2 kernel read the web corresponding to the Inode (3rd), the Web in the data area corresponding block is 5th block, and then to the data area to find the 5th block, from which to read the mapping table, the echo corresponding to the inode is 5th, so to the metadata area to find the number 5th Inode
3 kernel read 5th inode, get echo in the data area corresponding to the 11th block, so to the data area read 11th block to get the mapping table, get index.php corresponding Inode is 9th number
4 The kernel to the metadata area to read the number 9th inode, the index.php corresponding to the 15 and 16th data blocks, then to the data area to find 15 16th block, read the contents of the index.php, get the full content

Five. The browser parses the HTML code and requests the resources in the HTML code

When the browser gets the index.html file, it begins parsing the HTML code, and when it encounters static resources such as Js/css/image, it goes to the server to request the download (using multi-threaded download, the number of threads per browser is different), this time using the Keep-alive feature , to establish an HTTP connection, you can request multiple resources, the order of downloading resources is in the order of the code, but because each resource size is different, and the browser and multi-threaded request resources, so from the point of view, the order shown here is not necessarily the order in the code.

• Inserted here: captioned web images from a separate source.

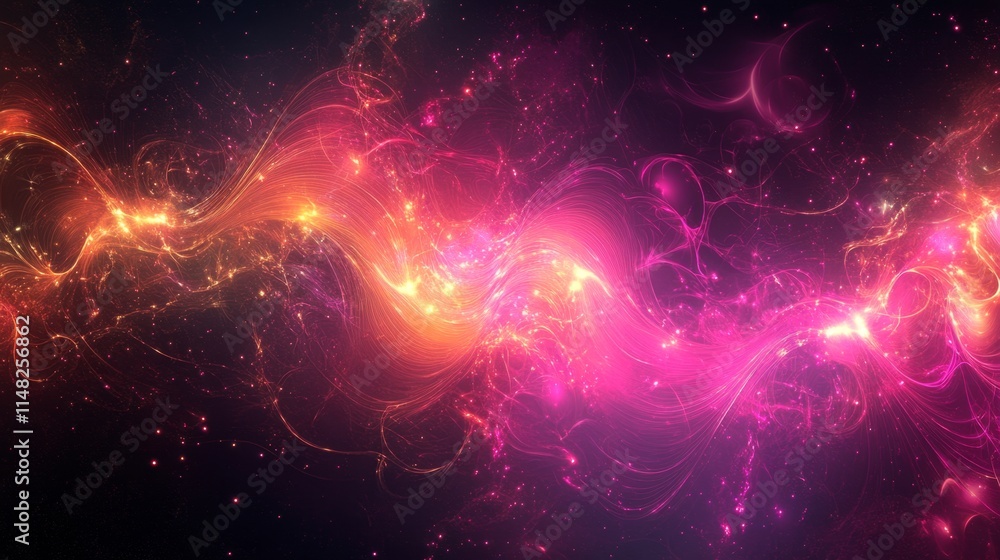 Poster dynamic cosmic energy flow outer space abstract art digital environment vibrant viewpoint visual con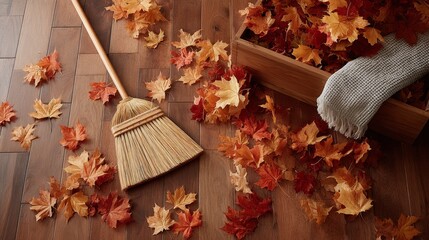 Poster - Rustic broom rests among colorful autumn leaves on a wooden floor, capturing the essence of fall and inviting cozy seasonal vibes to any space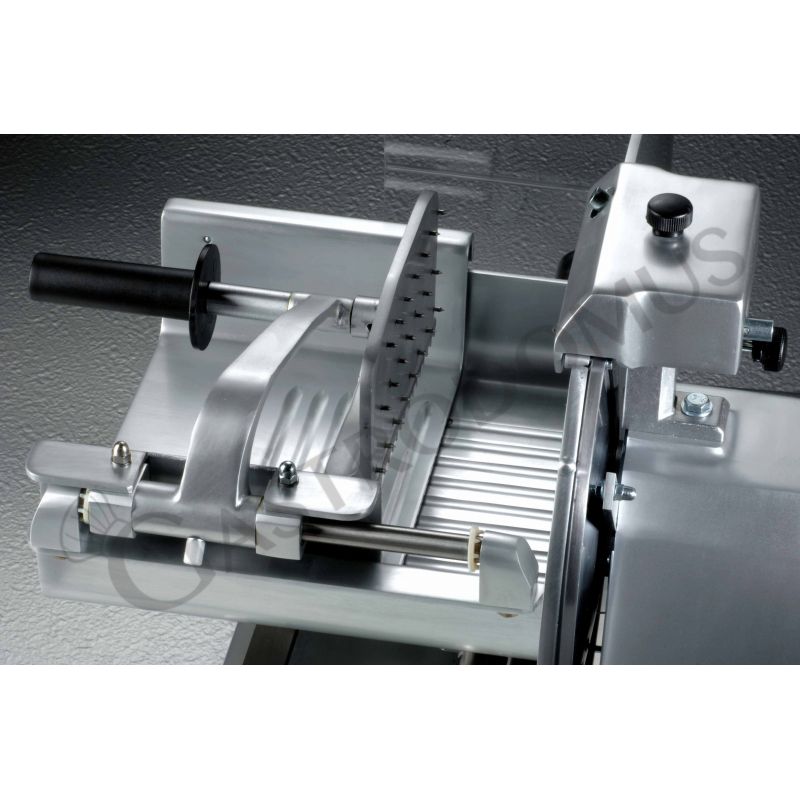 Semiprofessionelle vertikale Fleischschneidemaschine aus Aluminium Messerdurchmesser 250 mm, fixer Messerschärfer einphasig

When a browser requests a static resource (without expiring), it initiates an HTTP request to the server (asking whether the resource has been modified since the last modification time), and if the server side returns a 304 status code (which tells the browser that the server side has not been modified), Then the browser will directly read the local cache file for that resource.

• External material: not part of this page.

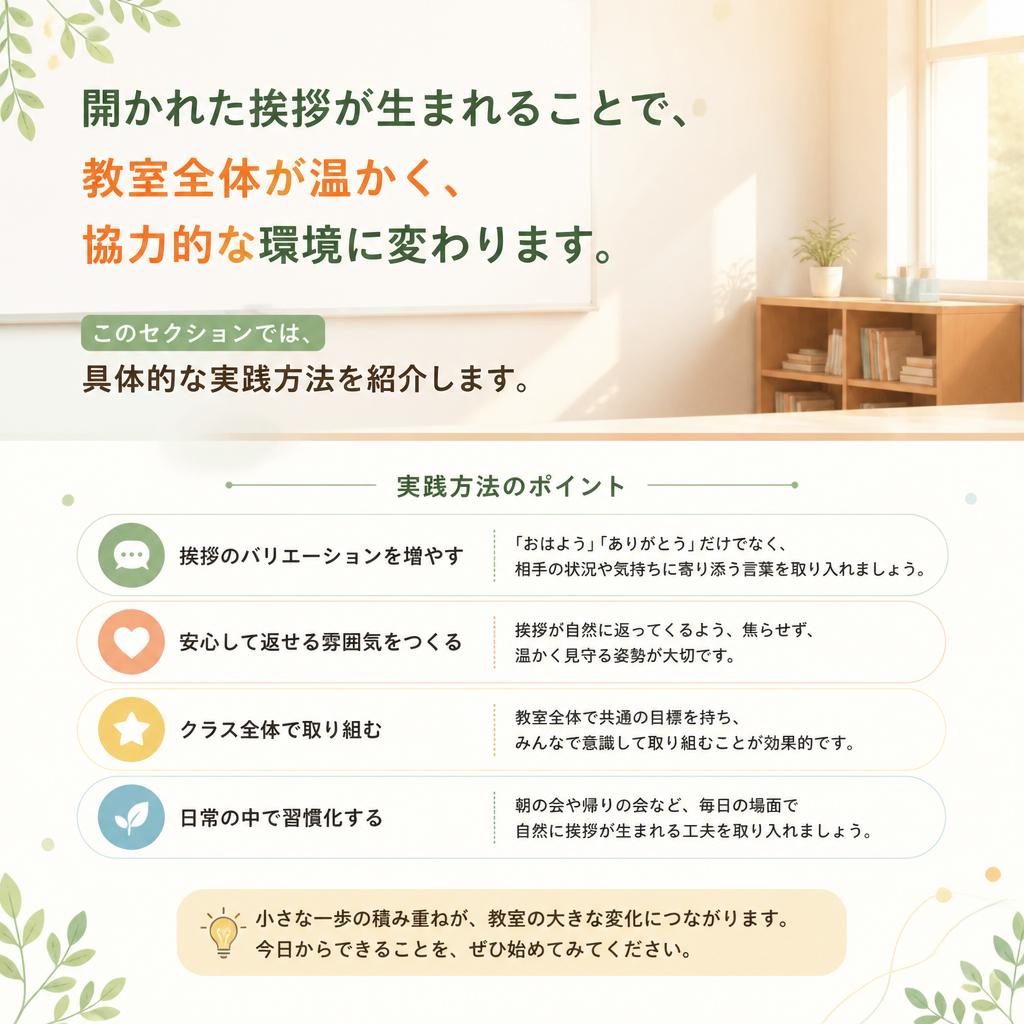 温かい教室の雰囲気作り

Detailed browser How to work see: http://kb.cnblogs.com/page/129756/

Six. The browser renders the page rendering to the user

Finally, the browser makes use of its internal working mechanism, renders the requested static resource and HTML code, renders it to the user after rendering.

The complete HTTP transaction declaration has been completed since this time.

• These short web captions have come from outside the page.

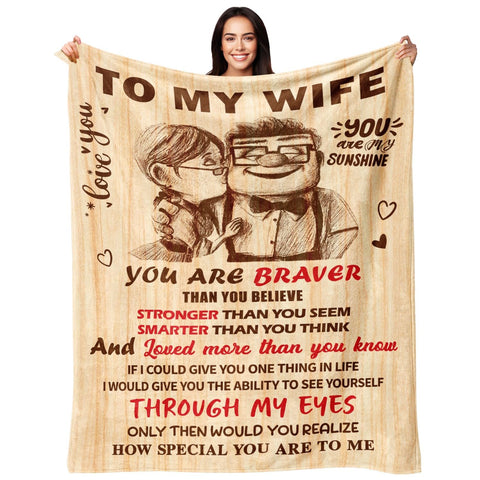 NAIREG blanket front view showing full message and cozy look, enhances warmth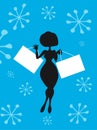 Silhouette Cartoon Woman shopping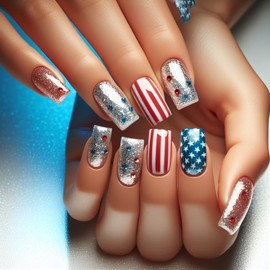24pcs Independence Day Press on Nails July 4th Fake Nails Full Cover Medium Length with Star Stripe Rhinestones designs Patriotic False Nails Glitter Red Blue White Acrylic Nails for Women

Disclaimer: This article from the operation of the tribe, has been the author agreed to reprint, if required to reprint please indicate this article from the operation and maintenance tribe

What is the process of a complete HTTP transaction?

Contact Us

The content source of this page is from Internet, which doesn't represent Alibaba Cloud's opinion; products and services mentioned on that page don't have any relationship with Alibaba Cloud. If the content of the page makes you feel confusing, please write us an email, we will handle the problem within 5 days after receiving your email.

If you find any instances of plagiarism from the community, please send an email to: info-contact@alibabacloud.com and provide relevant evidence. A staff member will contact you within 5 working days.

A Free Trial That Lets You Build Big!

Start building with 50+ products and up to 12 months usage for Elastic Compute Service

  • Sales Support

    1 on 1 presale consultation

  • After-Sales Support

    24/7 Technical Support 6 Free Tickets per Quarter Faster Response

  • Alibaba Cloud offers highly flexible support services tailored to meet your exact needs.